La notte dopo l'ho sognato di nuovo, e soltanto allora mi sono ricordato di averlo già sognato.
In entrambi i sogni era fermo nel piano americano e mi guardava con i suoi occhi tristi appesantiti da due Samsonite da emigrante, ma di lusso, altro che spago.
Taceva, ma nessuno poteva dire se era davvero un silenzio o una delle sue pause. Le pause con cui guarda gli assassini e sembra dire loro perché hai ammazzato la vecchia zia ricca, tanto sarebbe morta lo stesso e comunque anche tu morirai e allora perché.
Sembrava dire così, ma senza cattiveria, solo con infinita tristezza e dolcezza.
L'ispettore Derrick, lo sanno tutti, era la gioia di molti anziani, specie donne. Li rispettava, dava loro il tempo di capire, li guardava da dietro lo schermo come per chiedere loro una pista.
Loro, gli anziani, sapevano sempre qual era la pista giusta, e intuivano chi era l'assassino. Lo beccavano sempre. Le statistiche hanno dimostrato che gli anziani che guardavano l'ispettore Derrick si sentivano più intelligenti di anziani del tutto analoghi che però non lo guardavano.
L'analisi dei palinsesti ha dimostrato che gli anziani indovinavano l'assassino non su base deduttiva, bensì perché quella puntata era già stata trasmessa nei sei anni precedenti e loro l'avevano già vista. Solo che si erano dimenticati di averla vista. Tranne, al momento giusto, riesumare un'immagine, un suono, un neurone: il neurone che contiene il nome dell'assassino.
Se al mondo c'è giustizia, e noi sappiamo che non c'è, ma se almeno ce n'è una parvenza un po' decente, il feretro dell'ispettore Derrick deve essere stato accompagnato dalla sigla finale dell'edizione italiana: ta-tan ta-tan ta-tan (pum!) ta-ta-tattà (...) ta-ta-ta, cioè:
Questo avrei voluto scrivere il giorno dopo. Ma qualcosa mi ha bloccato, e, come dice Baricco quando si impossessa di me e viceversa, quel qualcosa si chiama paura.
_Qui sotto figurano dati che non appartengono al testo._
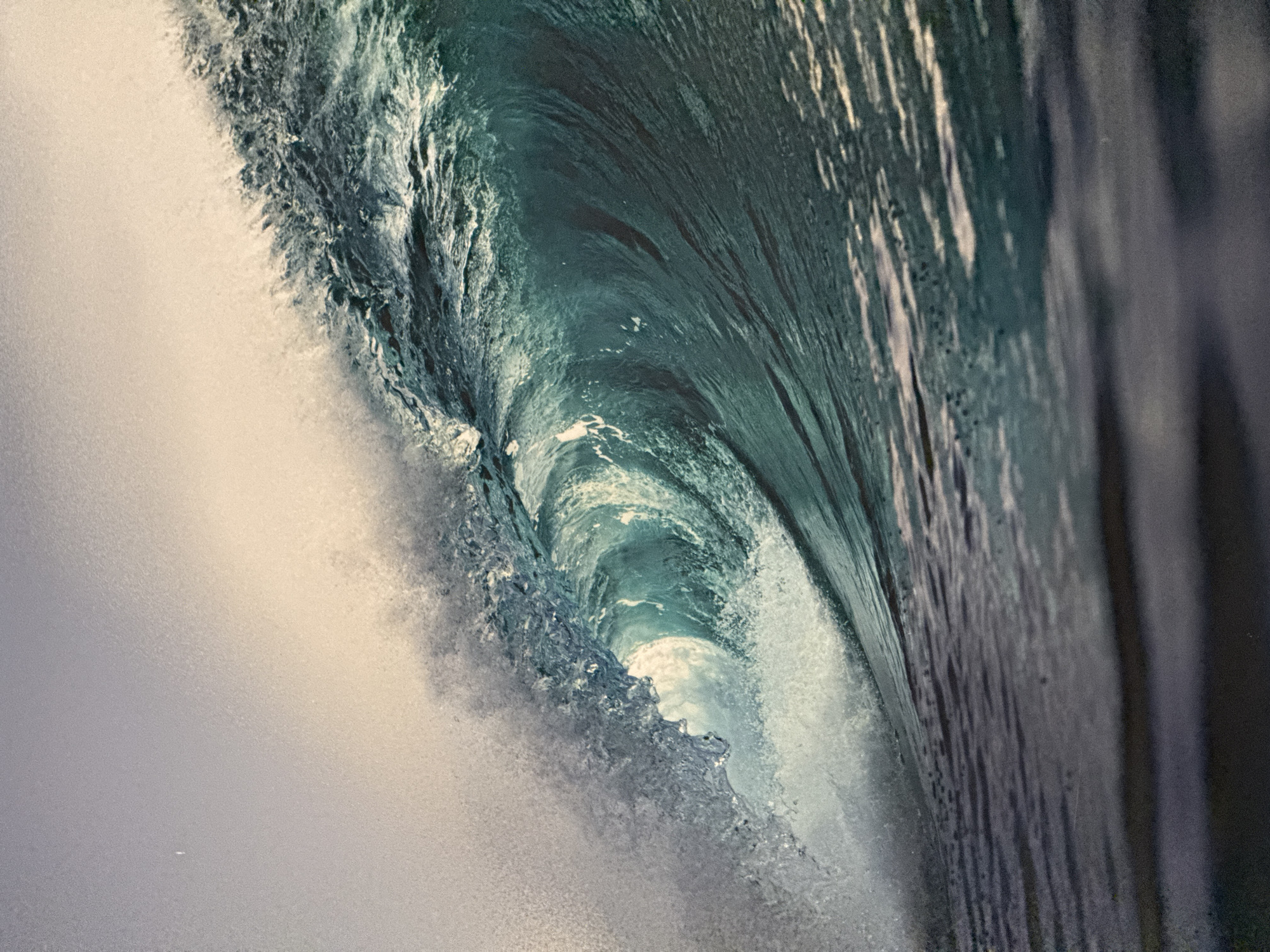 The image shows the inside of a breaking wave, likely at Kuta Beach, Indonesia. The wave is a swirling mass of white foam and turquoise water, with the smooth, unbroken part of the wave on the right. Light is visible through the curl of the wave, creating a bright spot within the darker water.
Ma paura di cosa? Di quelle Samsonite, di quelle pause, di quei silenzi, della vendetta degli anziani?
Da qualche giorno l'ispettore Derrick è tornato, e passa tutta la notte a guardarmi. So che non è una foto perché sbatte le pupille, e so che mi sta dicendo che tutto è inutile, che lui è morto e che io morirò.
E sembra chiedermi perché questo coccodrillo non si poteva fare.